Preparing for the AGM
The project continues…
The last few days have given me lots more opportunities to talk to Fellows about our plans for the Fellowship to become a network for civic innovation.
A great day in Bristol with the Wales and West Region turned up a couple of interesting ideas for RSA interventions.
The first was for us to host an impartial and rigorous debate on the Severn Barrage proposal that has been put back on the agenda by recent ministerial announcements and a report from the Sustainable Development Commission.
The second was for us to work with the excellent Watershed Centre and DEMOS on a project around making the night time culture in the harbour area less exclusively focussed on young people and drinking.
Like most of the other ideas we are mulling over these are only on the drawing board. But they are interesting examples of what emerges when we ask the question: “How can the RSA make a difference?” Any answers you might have are, of course, welcome.
The challenge will be encouraging Fellows to do as much development work as possible at local level and then – when we are happy that the project is a sound one – thinking about how we can best use the RSA’s resources (and particularly the wider Fellowship) to bring these ideas alive.
These are among the important issues we will be discussing at our Fellowship engagement event here on 22 November. We have over 200 Fellows signed up so far which is great news.
The event will be helped by some valuable preparatory thinking going on through the Open RSA network on Facebook. Open RSA met here the other day and generated some very useful ideas. Part of the event was live blogged by Bill Thompson and is available here.
Also, thanks to the ever-enthusiastic Ann Packard for organising a really well-attended and lively meeting of the Fellows’ creative industries special interest group. I am sure Ann will be telling us more about this group as it develops its activities, and in time I hope the group will develop its own thoughts about the impact the RSA might make.
Farts and ecology…
Yes, I know it’s a cheap joke (and only funny if you know we have an RSA project called Arts and Ecology).
But there is a serious point.
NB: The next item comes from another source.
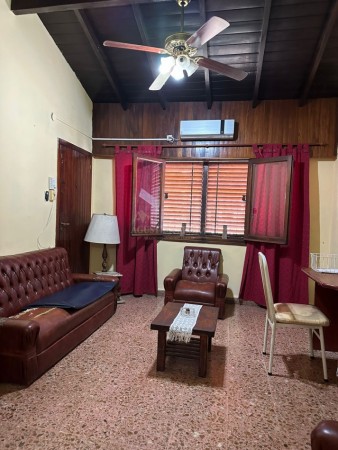 VENTA CASA 3 AMBIENTES- JOSE C PAZ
On Monday I was honoured to attend a lunch with Helen Clark, the very successful Prime Minister of New Zealand.
The focus of the discussion was sustainability and the bold and ambitious plans the NZ Government has made as they aim for carbon neutrality by 2050.
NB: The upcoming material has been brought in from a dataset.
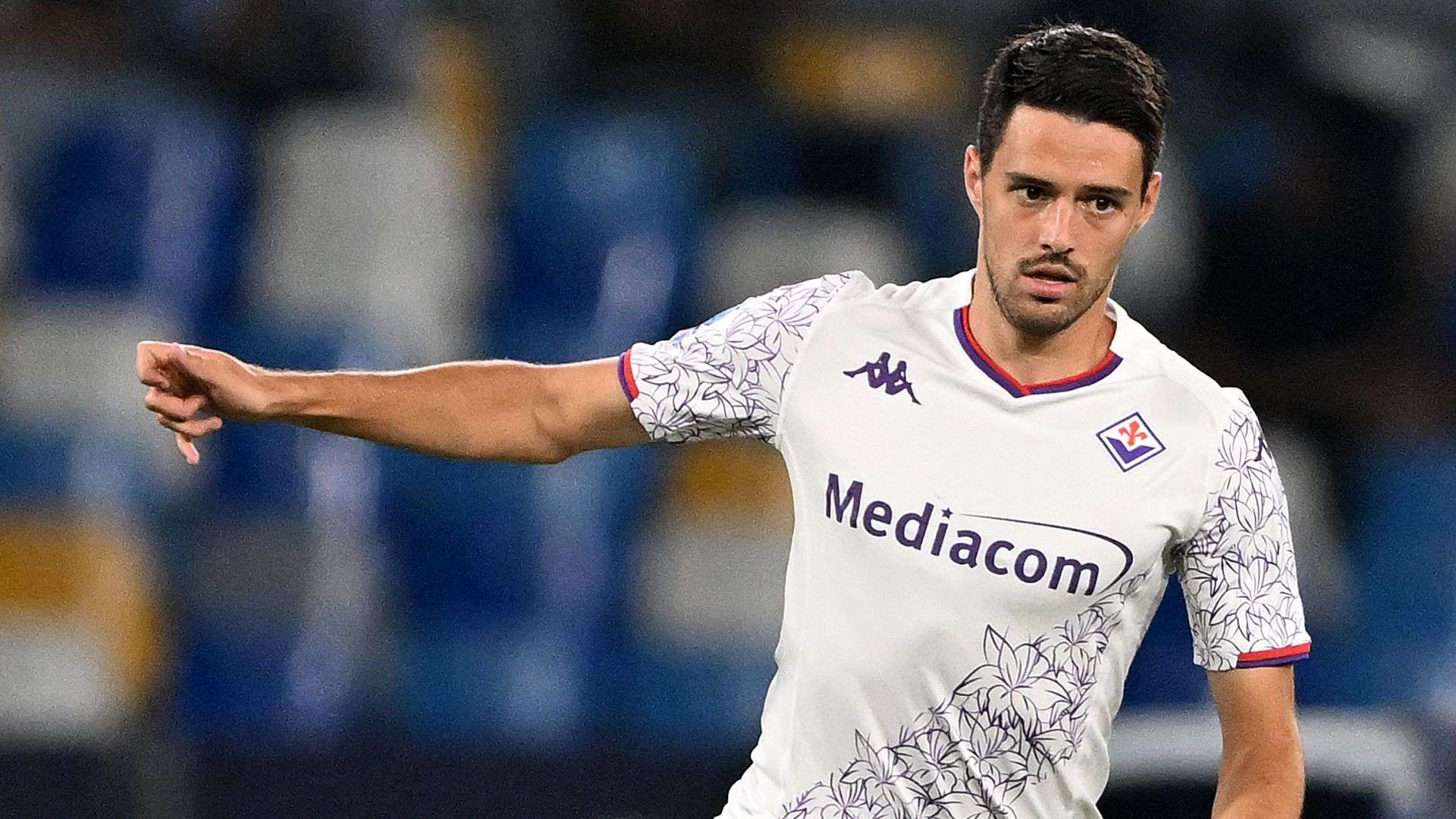 Josip Brekalo Fiorentina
Two of the big challenges for NZ are what is tastefully referred to as ‘pastoral emissions’, and the impact of transporting NZ agricultural goods around the world.
The former is a big problem and there is to be a major international conference on the issue later in the year. In this area I suspect we will need technological solutions rather than appealing to the cows themselves!
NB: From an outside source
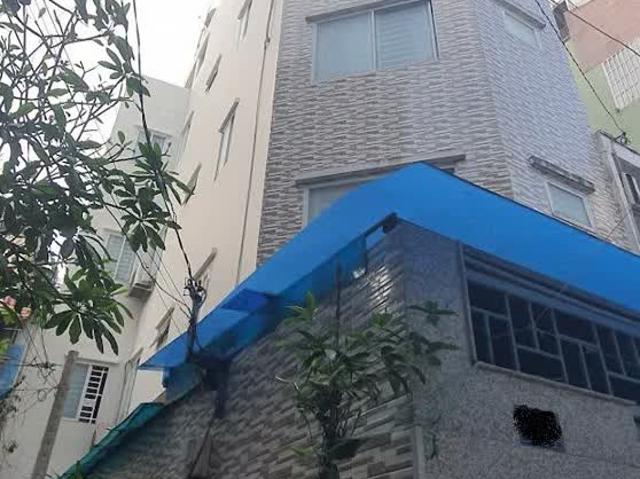 Bán nhà 5 Tầng, mới đẹp Phạm Văn Hai, P. 3 Tân Bình, 58m2, 6PN Hoàn Công Đủ. Chỉ nhỉnh 7 tỷ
But while it may be hard to talk about pastoral emissions without a snigger, it is not so easy to understand why so little attention is given to the contribution of shipping (especially freight shipping) to global emissions.
These emissions are on a par with those of aviation, so is their lower profile in debate simply because that we find it hard to believe that the sedate movement of boats can be as damaging as the roaring acceleration of planes?
I remember a wonderful cartoon of a huge rabbit tearing down New York skyscrapers while in the foreground among pedestrians going calmly to work, a bystander is saying: “I suppose if it was a giant gorilla people would be taking it seriously.”
It may seem odd to think of cow farting and shipping as big issues for the future of the planet, but they are.
Why I want an early election…
The fact is that Governments (and dare I say Oppositions too) make better policy when they have some time to let difficult change pay-off.
On election footing the horizon of politicians is no longer than a couple of months, and the demands of popular support tend to drive out those of policy rigour.
So, whoever wins, given the need to grasp some big nettles, I can’t help thinking it would be better for us all if we had a Government with a five year mandate.